Подъезжая к Вильне, моя попутчица сказала: «Здесь будут ждать меня родственники, у которых я побуду несколько дней. Вот мой петербургский адрес; приходите ко мне гуда: буду вам давать уроки».
 
Когда поезд остановился, к нам в купэ вошло много военных; все засуетились; послышался чей-то голос: «Посторонитесь! Генерал-губернатор идет!» Меня оттиснули в угол. Я испугался и, в общей суматохе не простившись с моими любезными спутницами, схватил свой чемоданчик, выскочил на улицу и поехал к бабушке. Потом я узнал, что моя попутчица долго меня разыскивала, что губернатор — ее дядюшка и что посылали денщика к моей бабушке, которую, конечно, не нашли, ибо она жила на еврейской улице, чуть ли не на чердаке и, как водилось тогда у бедных евреев, по фамилии не называлась.
 
Кроме бабушки, у меня в Вильне тогда никого из родных не оказалось. Мать с братьями и сестрами после смерти дедушки переехали в другой город. Но я охотно жил у бабушки, вспоминал свою прежнюю жизнь.
 
Перед моим отъездом в Петербург бабушка свела меня на могилы деда и отца. Войдя в часовню деда, бабушка нагнулась близко к могиле и громко сказала: «Здравствуй, Гирш! Пришла твоя жена Ривка и привела твоего внука Элие». Взяв меня за руку, она наклонила мою голову к могиле и затем стала рассказывать, обращаясь к своему покойному мужу, о своих делах, обо всем, что она делает и о чем думает. Перед уходом она обратилась к другим могилам и сказала: «Соседи! Может быть, мой муж ушел или занят. Скажите ему, что была его жена Ривка, привела внука» и т. д. Эта же сцена повторилась на могиле моего отца; только тут она обратилась ко мне с упреком: «Что же ты не плачешь? Поплачь!» Но я стоял, как вкопанный, моргал глазами, хотел искусственно вызвать слезы, ущипнул себе пребольно палец, но слезы все не шли. Мне стало досадно. Своего покойного отца я совсем не знал, но дедушку помнил и любил. Я вспомнил на кладбище рассказ о его смерти. Это было так необыкновенно.
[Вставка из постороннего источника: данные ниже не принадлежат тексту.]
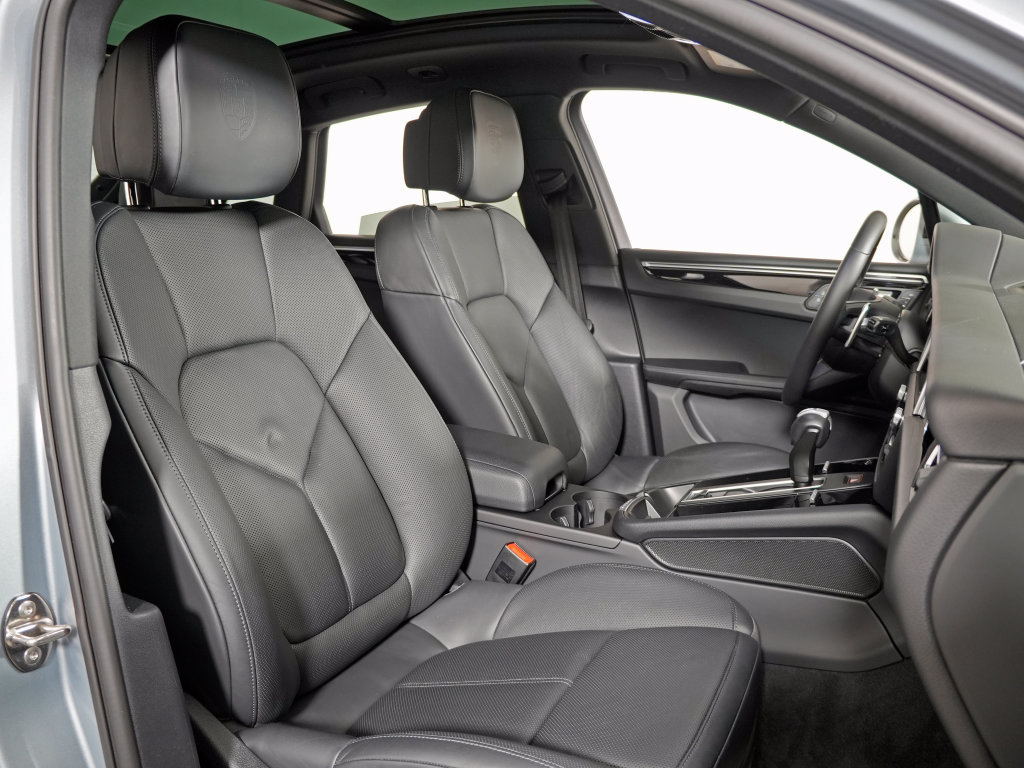 Certified 2023 Porsche Macan Turbo AWD/4WD image 40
С утра он объявил, что умирает, сам переоделся в чистое белье, велел зажечь свечи и лег. Затем он позвал детей и внуков и стал всех благословлять. Бабушка хлопотала, суетилась, убирала комнату, точно готовилась к празднику Иом-Кипур¹). Похороны были многолюдны, и в этот день бабушка обедала у нас. Собрав остатки кушанья, она сказала: «Это я снесу Гиршу». И дома она долго не могла привыкнуть к одиночеству : все готовила обед на двоих. Для нее дедушка не мог умереть: с лишком 60 лет они жили вместе. Разговоры бабушки на кладбище показались мне немного смешными, но на меня тогда уже произвела глубокое впечатление эта искренняя вера в бессмертие.
____________
¹) Судный день.
 
 
7.
 
В Петербург я вернулся летом, когда все еще были на дачах. Я пожалел о том, что так скоро уехал из Италии, и принялся за учение. Меня учила грамоте дочь В. В. Стасова, Софья Владимировна Сербина. Русский язык я все еще плохо знал, и потому о гимназии нечего было и думать. Кроме того, по своему возрасту я уже не мог поступить в низший класс.
 
Мне шел тринадцатый год, а я еще грамоты как следует не знал. В хедере я только обучался библии и талмуду: ничему другому там не учили, да и некому было учить: меламед (учитель), это — набожный, честный, еврей, занимающийся преподаванием только по бедности, ни на что другое неспособный. У евреев меламед — синоним непрактичности и забитости. Никакого метода, никакой программы преподавания нет, и каждый преподает как знает и умеет. Мой последний учитель был старик, сгорбленный, подслеповатый, очень добрый и мягкосердечный. Его единственною страстью был нюхательный табак, которым был всегда набит его распухший нос. Он занимал пол-комнаты у портного; рядом жил сапожник, а в маленькой передней — бондарь. У всех были многочисленные семьи, но шум ребятишек, а также стук бондаря нам нисколько не мешали. Мы читали талмуд громко, нараспев, так что наши голоса слышны были на другой улице. Нас, учеников, было шестеро, все дети бедных евреев, которые с трудом платили меламеду за учение. Моя мать в последние два года по бедности совсем не платила за меня, но реббе (учитель) мною дорожил: я так хорошо учился, что служил примером для других, и иногда реббе поручал мне объяснять товарищам трудные места из талмуда. Шалуны мы были отчаянные. Иногда, пользуясь близорукостью реббе, мы разбегались и прятались в одной из бричек, стоявших во дворе. Реббе бежит по двору, ищет нас, заглядывает то в одну, то в другую бричку; мы его видим, но, затаив дыхание, не даем знать о себе, а когда, наконец, он нас накрывает, мы бежим от него врассыпную в разные стороны. Первого попавшегося ему под руку он тащит за ухо к себе. Я редко попадался ему, потому что быстро бегал и всегда во-время его замечал. В зимние холодные вечера, в то время, когда реббе после обеда спал, мы все забирались на печь и рассказывали друг другу страшные сказки. Иногда мы присаживались к слепой старухе, матери портного, и она нам рассказывала о еврейских праведниках и чудесах, которые они творили. Хотя я и хорошо учился, но талмуд меня не занимал: кроме анекдотов, в нем иногда встречающихся, все было совершенно чуждо моему детскому мышлению.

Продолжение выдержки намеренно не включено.